(Beginning of Available data)
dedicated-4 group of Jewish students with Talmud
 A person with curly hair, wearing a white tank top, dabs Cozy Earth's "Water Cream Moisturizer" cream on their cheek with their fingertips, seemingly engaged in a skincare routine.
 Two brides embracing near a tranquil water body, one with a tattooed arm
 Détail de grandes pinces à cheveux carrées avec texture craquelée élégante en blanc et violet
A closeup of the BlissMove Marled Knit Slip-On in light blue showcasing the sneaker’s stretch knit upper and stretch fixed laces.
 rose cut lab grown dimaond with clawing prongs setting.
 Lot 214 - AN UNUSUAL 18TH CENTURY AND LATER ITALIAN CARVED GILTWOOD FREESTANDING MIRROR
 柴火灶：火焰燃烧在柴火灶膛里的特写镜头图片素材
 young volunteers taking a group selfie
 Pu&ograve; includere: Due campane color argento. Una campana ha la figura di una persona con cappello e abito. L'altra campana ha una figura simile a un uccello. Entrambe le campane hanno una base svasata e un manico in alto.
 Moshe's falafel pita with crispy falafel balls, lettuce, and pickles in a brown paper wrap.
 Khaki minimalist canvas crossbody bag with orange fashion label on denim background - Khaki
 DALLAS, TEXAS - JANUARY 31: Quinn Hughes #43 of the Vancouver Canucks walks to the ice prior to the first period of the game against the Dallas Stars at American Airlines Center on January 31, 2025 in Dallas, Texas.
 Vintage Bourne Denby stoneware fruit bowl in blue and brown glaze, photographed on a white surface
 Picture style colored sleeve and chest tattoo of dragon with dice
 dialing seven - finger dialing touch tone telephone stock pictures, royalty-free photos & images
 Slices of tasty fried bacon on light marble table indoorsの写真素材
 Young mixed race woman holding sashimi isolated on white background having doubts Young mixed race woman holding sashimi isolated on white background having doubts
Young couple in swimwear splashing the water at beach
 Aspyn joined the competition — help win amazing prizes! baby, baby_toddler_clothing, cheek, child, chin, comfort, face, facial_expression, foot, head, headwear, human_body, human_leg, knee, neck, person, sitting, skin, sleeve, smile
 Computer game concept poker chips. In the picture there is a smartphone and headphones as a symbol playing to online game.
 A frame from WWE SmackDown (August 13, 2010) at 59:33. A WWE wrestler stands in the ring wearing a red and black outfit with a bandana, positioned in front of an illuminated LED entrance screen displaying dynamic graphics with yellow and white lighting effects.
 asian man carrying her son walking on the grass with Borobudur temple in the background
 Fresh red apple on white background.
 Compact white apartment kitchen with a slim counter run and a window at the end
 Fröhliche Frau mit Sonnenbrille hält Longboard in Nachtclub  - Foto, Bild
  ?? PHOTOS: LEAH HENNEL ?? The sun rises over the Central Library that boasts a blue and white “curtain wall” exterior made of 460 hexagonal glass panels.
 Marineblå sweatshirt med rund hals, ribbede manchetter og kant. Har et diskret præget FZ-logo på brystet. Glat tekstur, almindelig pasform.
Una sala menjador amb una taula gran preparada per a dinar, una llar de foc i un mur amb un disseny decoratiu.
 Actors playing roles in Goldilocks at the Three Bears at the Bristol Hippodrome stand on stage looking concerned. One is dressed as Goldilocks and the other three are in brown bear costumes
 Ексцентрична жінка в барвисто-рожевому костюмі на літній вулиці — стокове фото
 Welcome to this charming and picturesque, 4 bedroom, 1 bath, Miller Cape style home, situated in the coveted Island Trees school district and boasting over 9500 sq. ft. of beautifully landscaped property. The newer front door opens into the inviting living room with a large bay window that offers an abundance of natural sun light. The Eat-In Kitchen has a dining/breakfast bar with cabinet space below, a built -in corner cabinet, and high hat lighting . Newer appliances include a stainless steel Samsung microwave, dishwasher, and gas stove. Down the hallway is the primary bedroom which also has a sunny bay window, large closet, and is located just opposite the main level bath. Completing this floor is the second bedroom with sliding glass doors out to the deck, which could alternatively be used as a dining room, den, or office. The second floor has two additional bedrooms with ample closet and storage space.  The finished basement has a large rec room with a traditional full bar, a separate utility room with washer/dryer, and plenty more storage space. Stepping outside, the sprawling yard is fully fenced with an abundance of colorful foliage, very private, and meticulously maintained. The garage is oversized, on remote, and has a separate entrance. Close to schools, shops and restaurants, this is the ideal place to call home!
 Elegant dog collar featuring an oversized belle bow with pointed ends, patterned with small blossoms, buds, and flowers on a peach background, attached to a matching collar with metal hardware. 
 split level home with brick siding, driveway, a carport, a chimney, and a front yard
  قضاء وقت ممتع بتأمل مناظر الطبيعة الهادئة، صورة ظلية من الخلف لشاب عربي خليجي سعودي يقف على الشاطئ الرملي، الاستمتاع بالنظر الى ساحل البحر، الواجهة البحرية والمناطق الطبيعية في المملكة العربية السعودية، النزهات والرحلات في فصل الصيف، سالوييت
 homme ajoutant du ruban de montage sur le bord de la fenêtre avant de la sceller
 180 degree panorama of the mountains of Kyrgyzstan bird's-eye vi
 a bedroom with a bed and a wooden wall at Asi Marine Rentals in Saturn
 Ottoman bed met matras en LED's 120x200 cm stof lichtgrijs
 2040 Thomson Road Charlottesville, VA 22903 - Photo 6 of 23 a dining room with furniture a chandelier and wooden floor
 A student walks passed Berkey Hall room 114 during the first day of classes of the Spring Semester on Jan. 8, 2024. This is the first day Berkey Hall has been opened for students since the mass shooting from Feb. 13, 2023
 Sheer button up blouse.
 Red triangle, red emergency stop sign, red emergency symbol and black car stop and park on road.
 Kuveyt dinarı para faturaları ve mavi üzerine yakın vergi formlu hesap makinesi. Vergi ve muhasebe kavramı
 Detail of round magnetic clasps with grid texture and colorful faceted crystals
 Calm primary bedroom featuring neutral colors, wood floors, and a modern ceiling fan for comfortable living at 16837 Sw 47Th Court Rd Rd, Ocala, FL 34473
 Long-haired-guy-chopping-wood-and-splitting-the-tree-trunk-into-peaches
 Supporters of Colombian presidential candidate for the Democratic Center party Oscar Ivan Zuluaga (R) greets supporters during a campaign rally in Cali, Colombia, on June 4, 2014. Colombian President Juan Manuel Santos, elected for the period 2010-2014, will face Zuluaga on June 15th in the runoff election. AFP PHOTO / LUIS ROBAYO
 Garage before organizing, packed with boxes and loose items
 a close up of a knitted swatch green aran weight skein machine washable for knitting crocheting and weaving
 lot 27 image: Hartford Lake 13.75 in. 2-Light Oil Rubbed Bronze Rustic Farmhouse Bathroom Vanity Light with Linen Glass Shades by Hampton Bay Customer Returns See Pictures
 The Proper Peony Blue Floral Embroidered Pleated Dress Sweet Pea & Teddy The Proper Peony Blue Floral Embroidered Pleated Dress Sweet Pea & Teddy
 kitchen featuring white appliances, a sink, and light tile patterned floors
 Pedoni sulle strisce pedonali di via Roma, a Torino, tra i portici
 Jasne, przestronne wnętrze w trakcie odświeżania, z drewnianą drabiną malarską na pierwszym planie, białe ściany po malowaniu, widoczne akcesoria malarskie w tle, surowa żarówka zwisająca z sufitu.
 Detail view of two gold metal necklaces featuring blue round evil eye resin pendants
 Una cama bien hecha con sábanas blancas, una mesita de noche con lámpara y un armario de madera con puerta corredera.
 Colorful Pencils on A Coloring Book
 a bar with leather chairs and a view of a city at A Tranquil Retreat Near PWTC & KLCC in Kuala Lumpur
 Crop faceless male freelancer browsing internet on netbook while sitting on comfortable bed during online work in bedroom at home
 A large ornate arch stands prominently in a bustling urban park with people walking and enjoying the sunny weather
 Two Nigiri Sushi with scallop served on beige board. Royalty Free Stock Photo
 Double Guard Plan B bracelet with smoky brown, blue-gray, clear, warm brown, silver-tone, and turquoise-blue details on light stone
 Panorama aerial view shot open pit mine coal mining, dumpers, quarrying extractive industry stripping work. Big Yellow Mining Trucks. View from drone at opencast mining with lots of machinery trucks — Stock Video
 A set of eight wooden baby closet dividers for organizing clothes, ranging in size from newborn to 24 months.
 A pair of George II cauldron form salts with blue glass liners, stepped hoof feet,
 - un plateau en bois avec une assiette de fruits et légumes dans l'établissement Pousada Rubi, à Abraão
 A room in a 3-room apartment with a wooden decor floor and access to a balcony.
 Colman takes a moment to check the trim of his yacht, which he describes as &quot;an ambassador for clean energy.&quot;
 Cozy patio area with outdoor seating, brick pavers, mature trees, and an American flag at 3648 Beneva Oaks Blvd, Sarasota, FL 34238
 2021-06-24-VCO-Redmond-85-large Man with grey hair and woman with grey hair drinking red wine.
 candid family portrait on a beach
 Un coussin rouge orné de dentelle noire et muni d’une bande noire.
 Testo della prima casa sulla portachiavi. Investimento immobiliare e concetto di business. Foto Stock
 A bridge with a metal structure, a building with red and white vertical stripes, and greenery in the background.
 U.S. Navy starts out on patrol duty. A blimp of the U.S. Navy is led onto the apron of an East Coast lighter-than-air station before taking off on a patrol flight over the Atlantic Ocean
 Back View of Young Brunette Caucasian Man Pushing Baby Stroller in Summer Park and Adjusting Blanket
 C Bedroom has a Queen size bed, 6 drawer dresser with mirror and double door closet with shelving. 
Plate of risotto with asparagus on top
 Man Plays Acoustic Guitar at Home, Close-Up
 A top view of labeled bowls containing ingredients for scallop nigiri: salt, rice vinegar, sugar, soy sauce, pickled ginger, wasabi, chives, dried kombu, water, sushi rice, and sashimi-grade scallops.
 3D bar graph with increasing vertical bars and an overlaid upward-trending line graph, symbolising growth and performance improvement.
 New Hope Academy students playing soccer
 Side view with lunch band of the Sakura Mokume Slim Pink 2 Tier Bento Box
(End of Available data)
**Problem requirements**
Each line that mentions the string "background" must be copied from the listing.

**Your solution**
 Khaki minimalist canvas crossbody bag with orange fashion label on denim background - Khaki
 Young mixed race woman holding sashimi isolated on white background having doubts Young mixed race woman holding sashimi isolated on white background having doubts
 asian man carrying her son walking on the grass with Borobudur temple in the background
 Fresh red apple on white background.
 Elegant dog collar featuring an oversized belle bow with pointed ends, patterned with small blossoms, buds, and flowers on a peach background, attached to a matching collar with metal hardware. 
 A bridge with a metal structure, a building with red and white vertical stripes, and greenery in the background.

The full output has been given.